(Records from a dataset)
========================================

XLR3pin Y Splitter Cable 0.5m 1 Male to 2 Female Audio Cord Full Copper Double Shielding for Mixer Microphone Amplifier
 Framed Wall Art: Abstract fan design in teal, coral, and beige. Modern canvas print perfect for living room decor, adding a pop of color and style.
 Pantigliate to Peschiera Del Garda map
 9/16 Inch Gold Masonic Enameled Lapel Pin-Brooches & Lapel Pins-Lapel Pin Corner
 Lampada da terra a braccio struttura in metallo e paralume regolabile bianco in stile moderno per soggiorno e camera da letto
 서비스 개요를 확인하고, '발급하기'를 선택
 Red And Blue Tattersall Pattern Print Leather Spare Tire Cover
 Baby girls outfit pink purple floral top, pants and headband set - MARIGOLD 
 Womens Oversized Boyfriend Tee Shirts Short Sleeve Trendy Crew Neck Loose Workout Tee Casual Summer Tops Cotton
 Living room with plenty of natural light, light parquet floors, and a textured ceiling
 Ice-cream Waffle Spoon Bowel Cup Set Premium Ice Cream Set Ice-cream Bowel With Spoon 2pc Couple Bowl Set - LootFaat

========================================

Exercise prompt - The answer consists of every line above in which the word "room" occurs.

Solution to this task -
 Framed Wall Art: Abstract fan design in teal, coral, and beige. Modern canvas print perfect for living room decor, adding a pop of color and style.
 Living room with plenty of natural light, light parquet floors, and a textured ceiling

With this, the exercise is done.